I'm a beginner in Python. I have two dataframes, each with 5 columns but only the first two columns from each dataframe have matching data. Each dataframe have different number of records. I would like to compare column A from df1 against column A from df2 and if they match, then output column D (ownerEmail) from df2. If columns A don't match, column D should be null.
df1
subscriptionId | displayName | state | authorization | tenantId
12345 | DEV_SPS | Enabled | RoleBased | 938c49a8
67890 | PROD_LINUX | Enabled | RoleBased | 0a9cb9ee
11900 | TST_WIN | Enabled | RoleBased | e1513511
df2
subscriptionId | SubName | Connected | ownerEmail | organization
12345 | DEV_SPS | Enabled | [email protected] | Marketing
67890 | PROD_LINUX | Enabled | [email protected] | Sales
Desired output
subscriptionId | displayName | state | authorization | tenantId | ownerEmail
123456 | DEV_SPS | Enabled | RoleBased | 938c49a8 | [email protected]
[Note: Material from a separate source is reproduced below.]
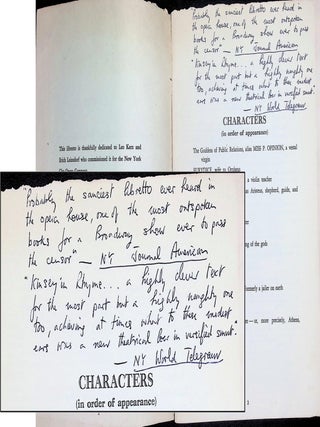 THE OFF-BROADWAY MANIFESTOS: Inscribed Presentation Libretto, Production Programs, Correspondence, and Private Ephemera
67890 | PROD_LINUX | Enabled | RoleBased | 0a9cb9ee | [email protected]
11900 | TST_WIN | Enabled | RoleBased | e1513511 | null
I have tried something like this but it didn't work.
df1['ownerEmail'] = np.where(df1['subscriptionId'] == df2['subscriptionId'], ['ownerEmail'], "")
print(df1)
Any help would be much appreciated.
Thank you.